Data provided
──────
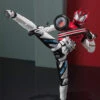 BANDAI S.H.Figuarts Kamen Masked Rider Drive Type Dead Heat 2 BANDAI S.H.Figuarts Kamen Masked Rider Drive Type Dead Heat -Model Saga Shop item 0000010989 ROCCvHW3 04 34140.1427796579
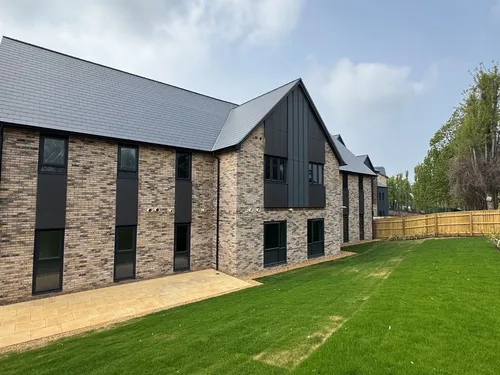 Manor Road, Hunstantonphoto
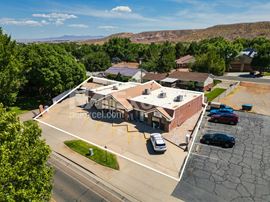 Santa Clara Dr Frontage-Retail (NNN Leased Investment)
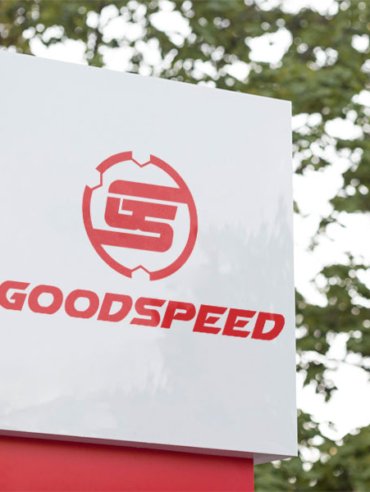 good-speed
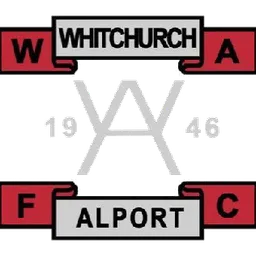 Logo of Whitchurch Alport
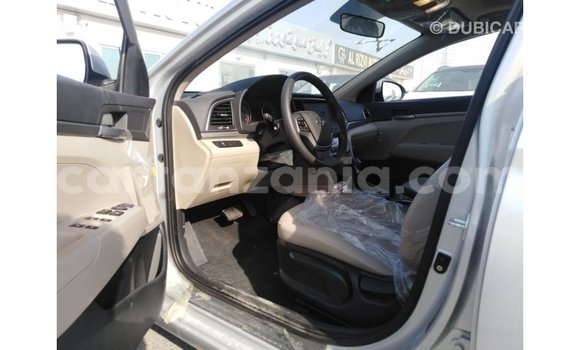 Buy Import Hyundai Elantra Other Car in Import - Dubai in Arusha Buy Import Hyundai Elantra Other Car in Import - Dubai in Arusha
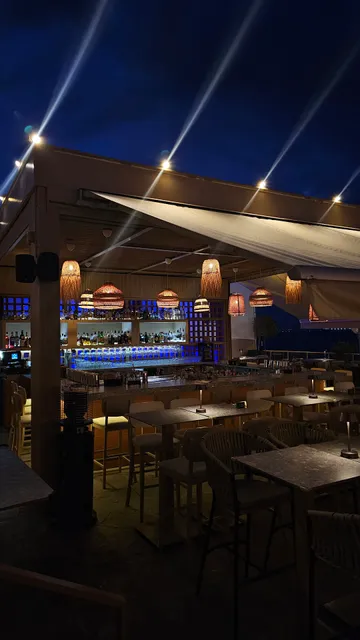 Noesis Restaurant & Lounge Bar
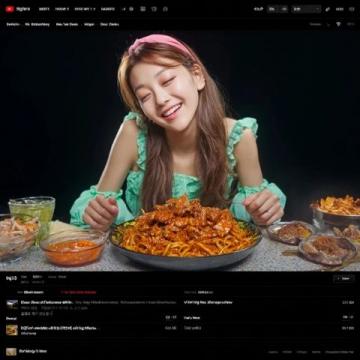 誰懂啊！沒想在韓可以吃到正宗牛油串串香！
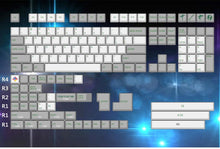 Load image into Gallery viewer, Pbt dye-subbed keycaps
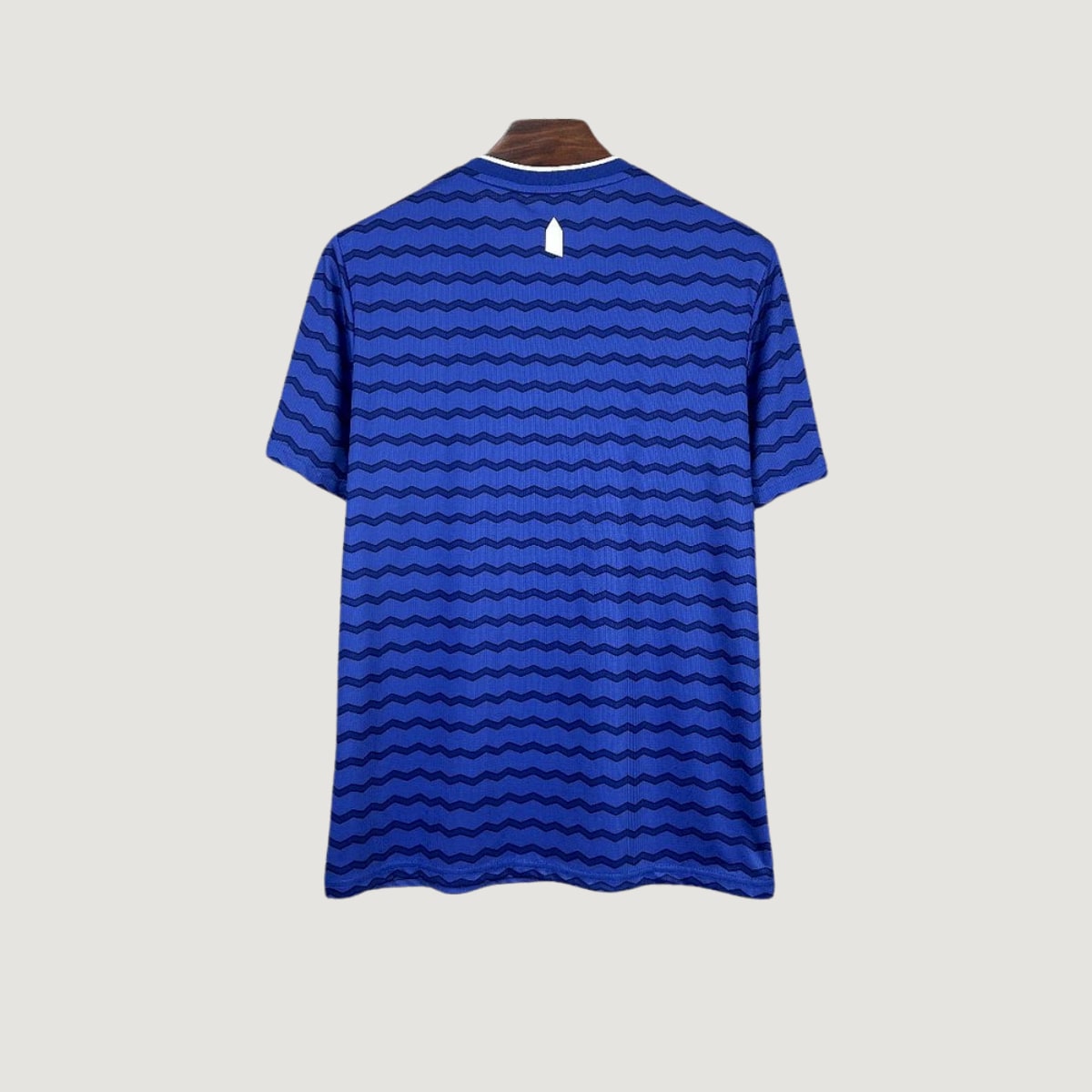 Everton – Maillot Domicile 2025/26 – Bleu - dos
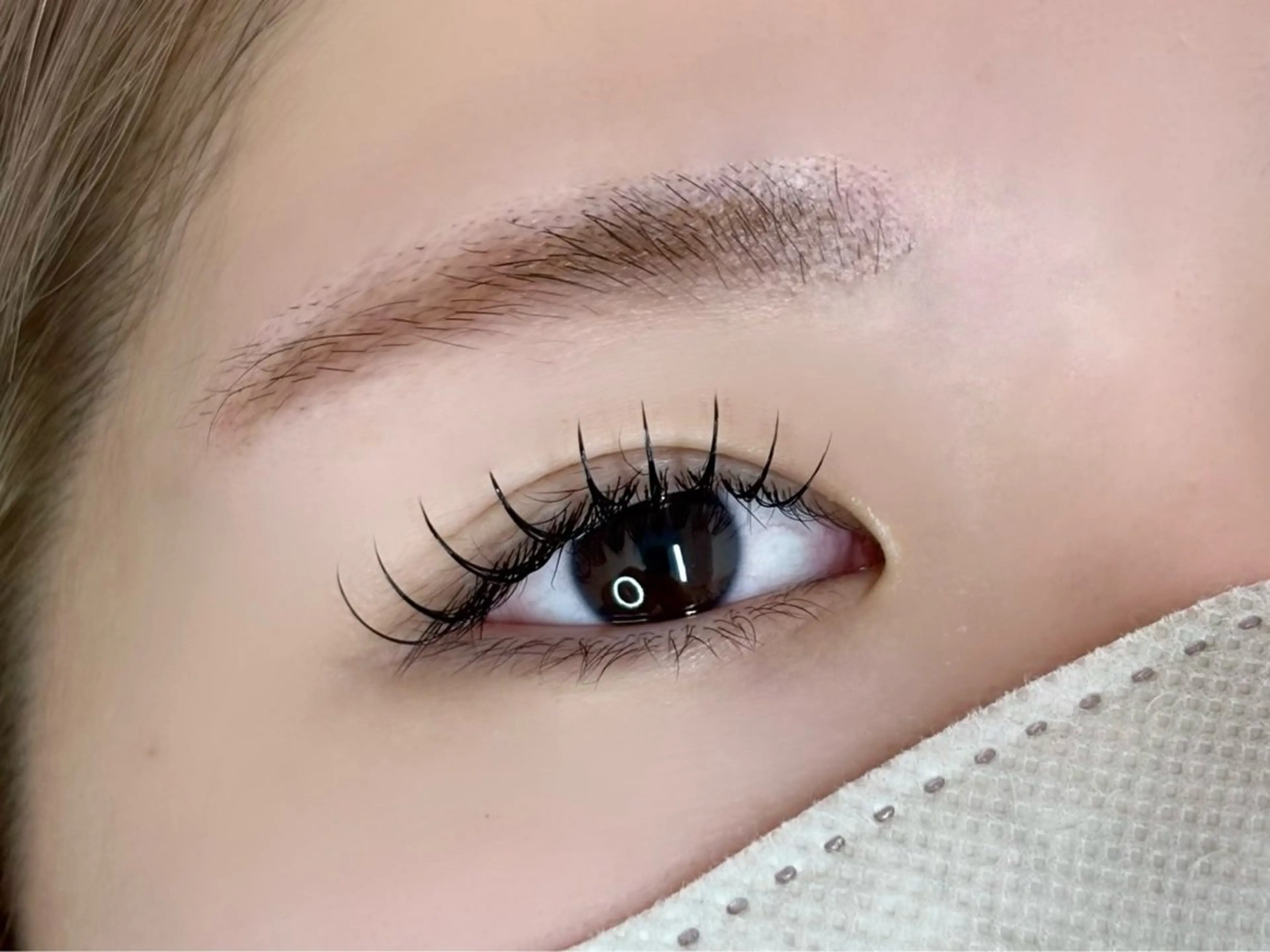 マツエク・マツパ repos. yuraのマツエク・マツパデザイン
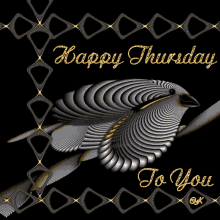 Happy Thursday To You GIF - Happy Thursday To You GIFs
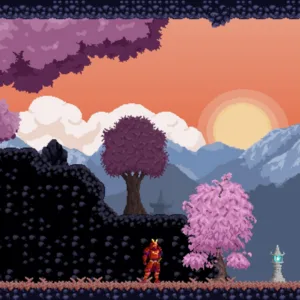 Chronicles of 2 Heroes: Amaterasu's Wrath [PS4] - изображение 3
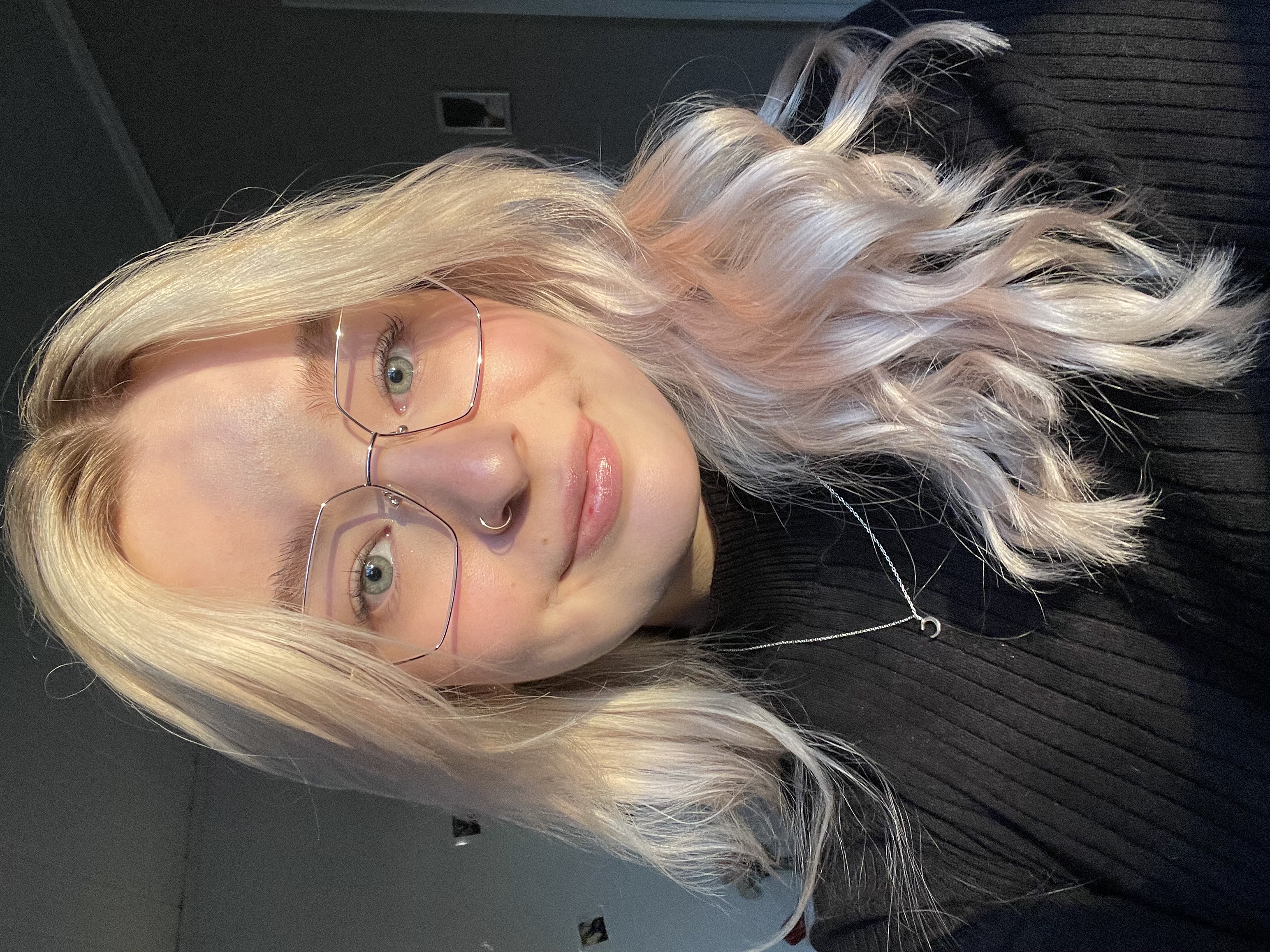 Michelle Manßen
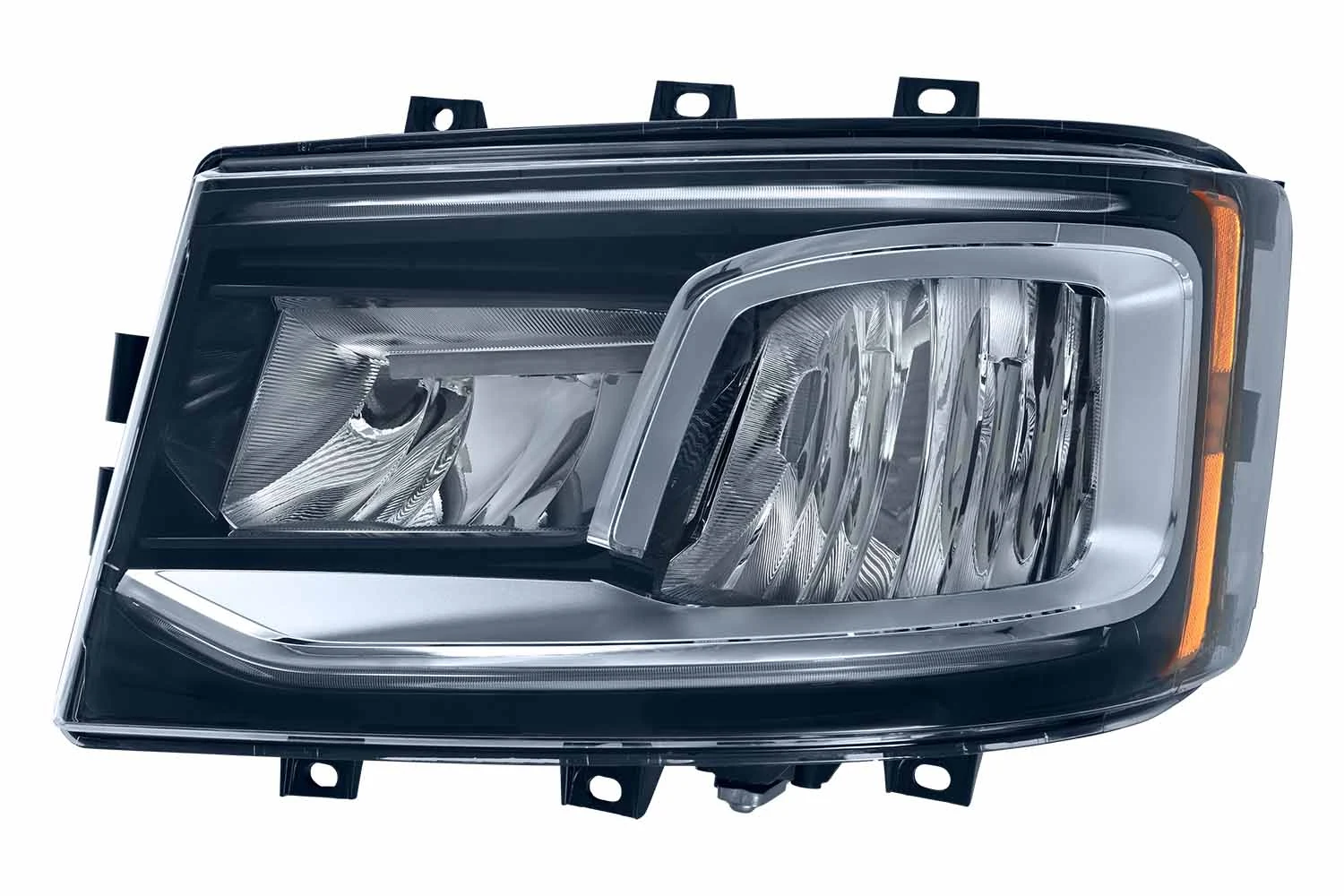 Headlight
──────
What the task asks
Restate all entries above exactly, but not the images.

Response area
 BANDAI S.H.Figuarts Kamen Masked Rider Drive Type Dead Heat 2 BANDAI S.H.Figuarts Kamen Masked Rider Drive Type Dead Heat -Model Saga Shop item 0000010989 ROCCvHW3 04 34140.1427796579
 Manor Road, Hunstantonphoto
 Santa Clara Dr Frontage-Retail (NNN Leased Investment)
 good-speed
 Logo of Whitchurch Alport
 Buy Import Hyundai Elantra Other Car in Import - Dubai in Arusha Buy Import Hyundai Elantra Other Car in Import - Dubai in Arusha
 Noesis Restaurant & Lounge Bar
 誰懂啊！沒想在韓可以吃到正宗牛油串串香！
 Load image into Gallery viewer, Pbt dye-subbed keycaps
 Everton – Maillot Domicile 2025/26 – Bleu - dos
 マツエク・マツパ repos. yuraのマツエク・マツパデザイン
 Happy Thursday To You GIF - Happy Thursday To You GIFs
 Chronicles of 2 Heroes: Amaterasu's Wrath [PS4] - изображение 3
 Michelle Manßen
 Headlight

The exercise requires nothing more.